What you will do
Can you print the data exactly and leave out each image?

** Exercise data follows **

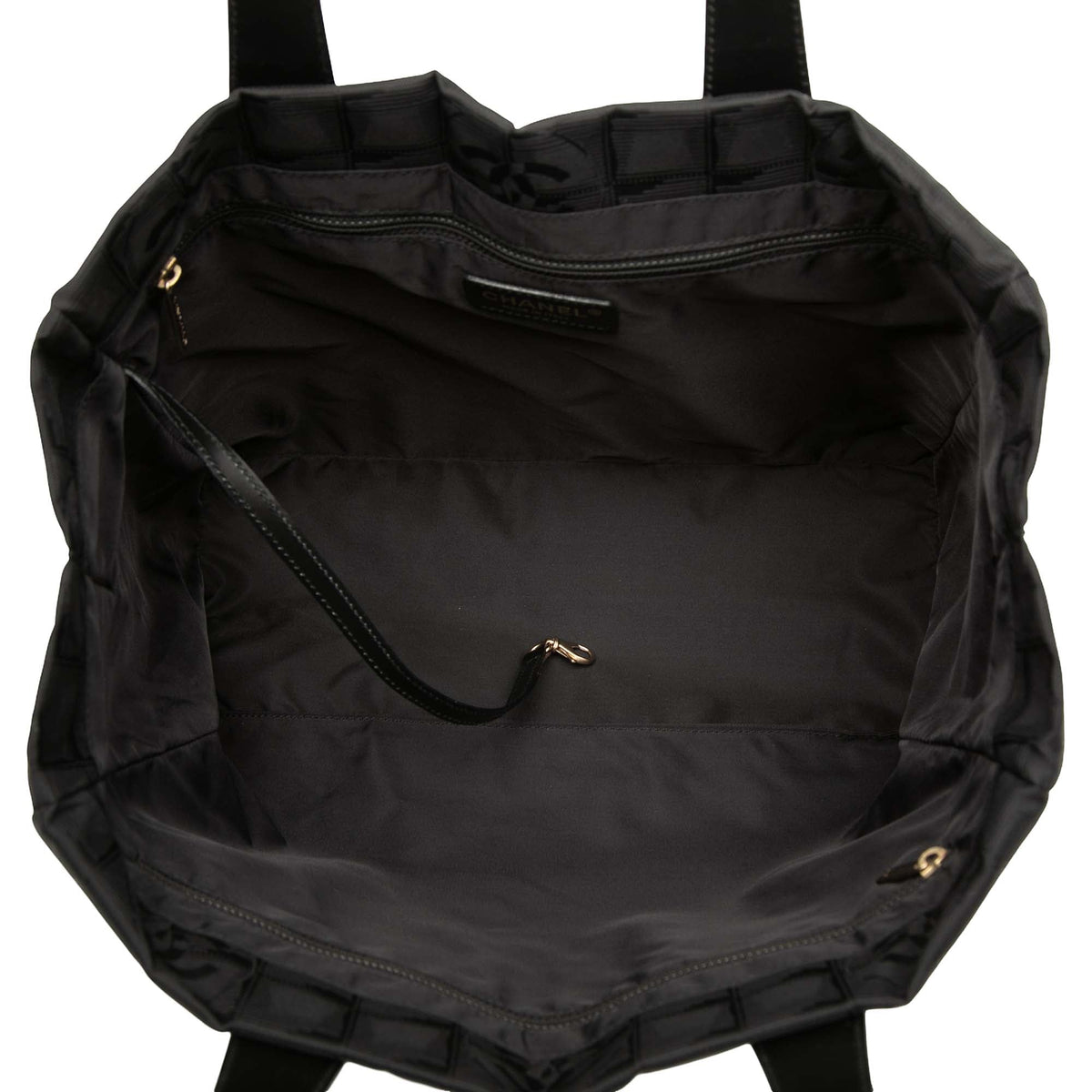 Chanel New Travel Line Nylon Tote — Black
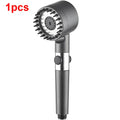 3 Modes Handheld Shower Head Filter Powerful Massage Spa High Pressure Water Saving Showerhead with ON/OFF Switch for Bathroom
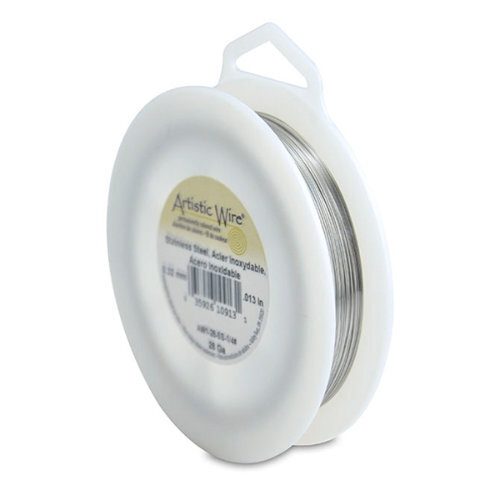28 Gauge (.32 mm) - 498.3 ft (151.9 m) - Stainless Steel - AW1-28-SS-1/4#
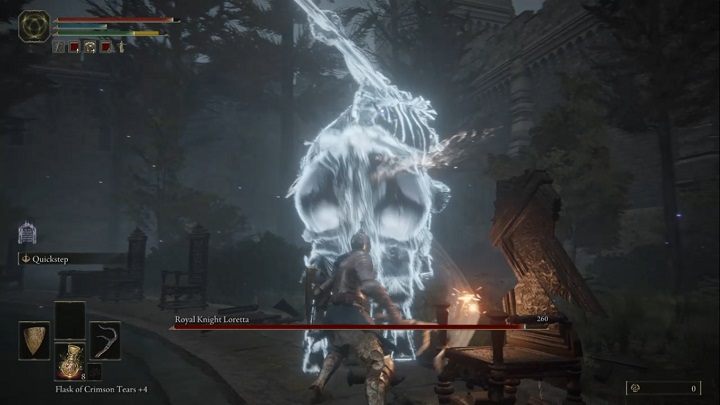 Przeciwnik używa wspomnianych czarów nawet w przypadku walki na krótki dystans - Elden Ring: Loretta, królewski rycerz (Royal Knight Loretta) - boss, jak pokonać? - Elden Ring - poradnik do gry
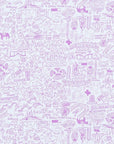 Houston print artwork detail, pink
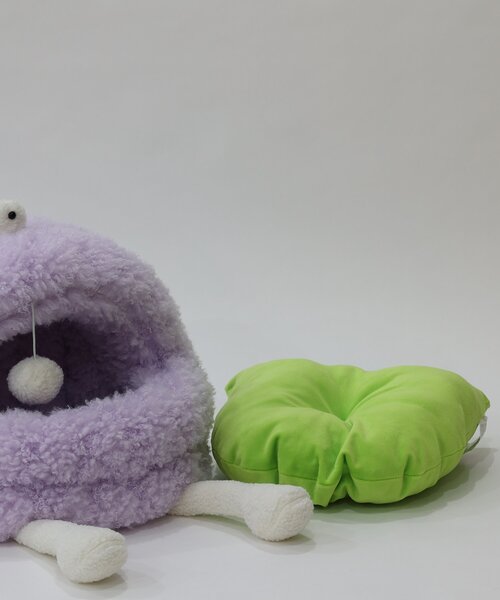 BIRTHDAY BAR(バースデイバー)の「【ZEZE】MONSTER PET BED パープル(ペット用おもちゃ・レディース・バイオレット・0)」の7枚目の写真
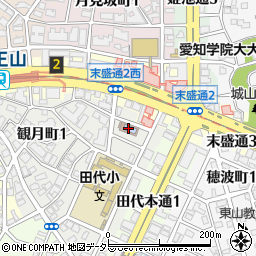 田代コミュニティセンター周辺の地図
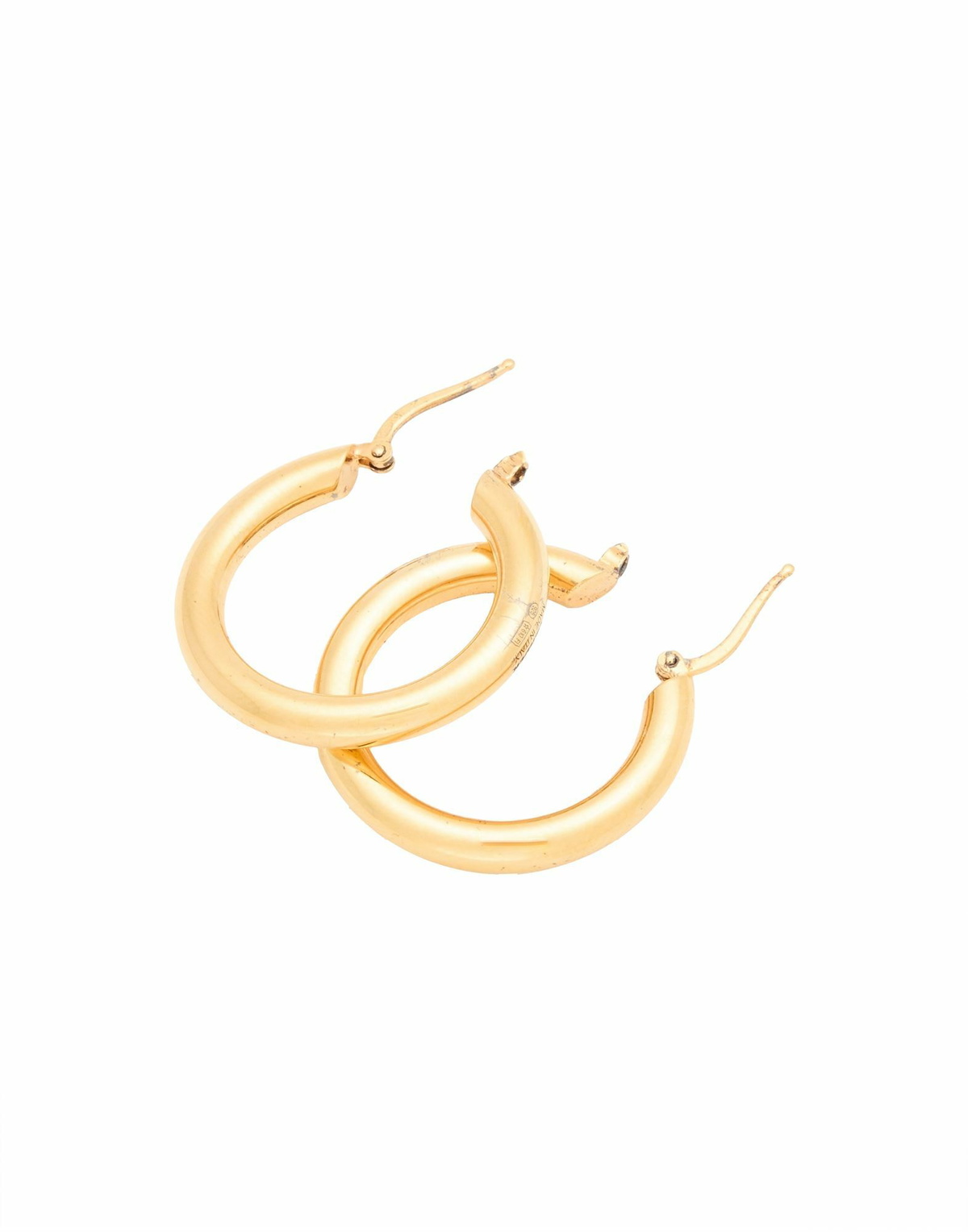 Jil Sander Womens Earrings in Gold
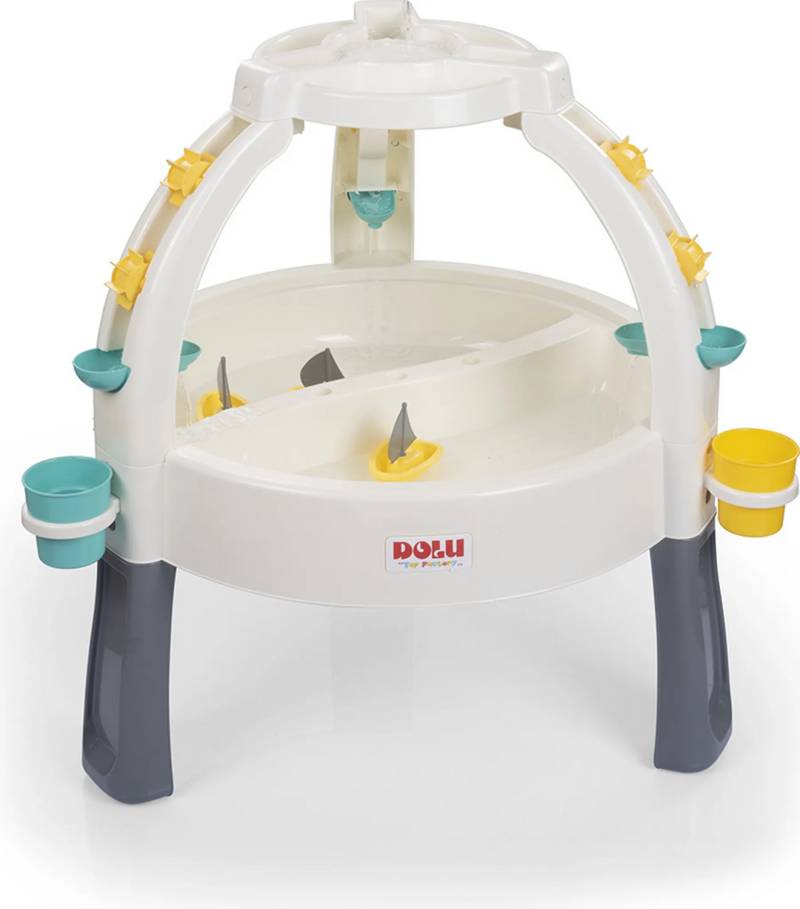 Dolu 2674 Springbrunnen Spieltisch Sand Wasser Tisch Set Zubehör Weiß Grau  B-Ware von Dolu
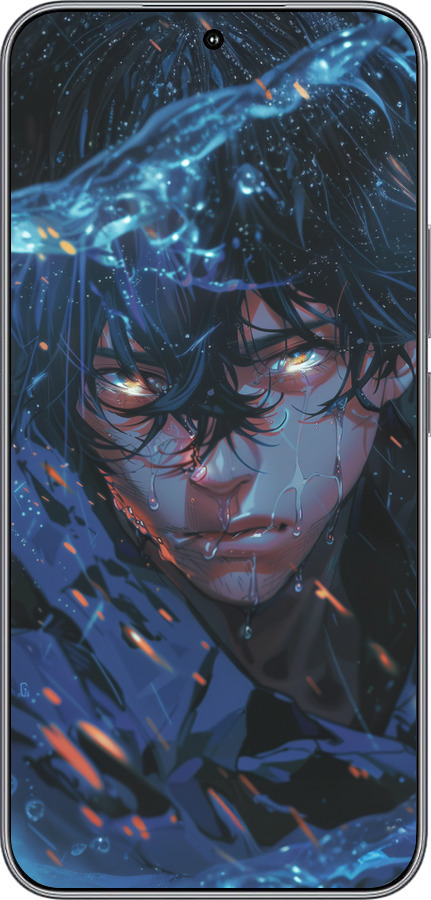 Силиконовый чехол Satoru Gojou для Huawei Honor 400 5G - 6128u-4017 изображение 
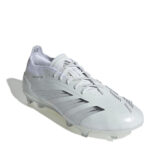 adidas Predator 24 Firm Ground Football Boots – White/Silver – view 3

** End of Exercise data **

Response area
 Chanel New Travel Line Nylon Tote — Black
 3 Modes Handheld Shower Head Filter Powerful Massage Spa High Pressure Water Saving Showerhead with ON/OFF Switch for Bathroom
28 Gauge (.32 mm) - 498.3 ft (151.9 m) - Stainless Steel - AW1-28-SS-1/4#
 Przeciwnik używa wspomnianych czarów nawet w przypadku walki na krótki dystans - Elden Ring: Loretta, królewski rycerz (Royal Knight Loretta) - boss, jak pokonać? - Elden Ring - poradnik do gry
 Houston print artwork detail, pink
 BIRTHDAY BAR(バースデイバー)の「【ZEZE】MONSTER PET BED パープル(ペット用おもちゃ・レディース・バイオレット・0)」の7枚目の写真
 田代コミュニティセンター周辺の地図
 Jil Sander Womens Earrings in Gold
 Dolu 2674 Springbrunnen Spieltisch Sand Wasser Tisch Set Zubehör Weiß Grau  B-Ware von Dolu
 Силиконовый чехол Satoru Gojou для Huawei Honor 400 5G - 6128u-4017 изображение 
 adidas Predator 24 Firm Ground Football Boots – White/Silver – view 3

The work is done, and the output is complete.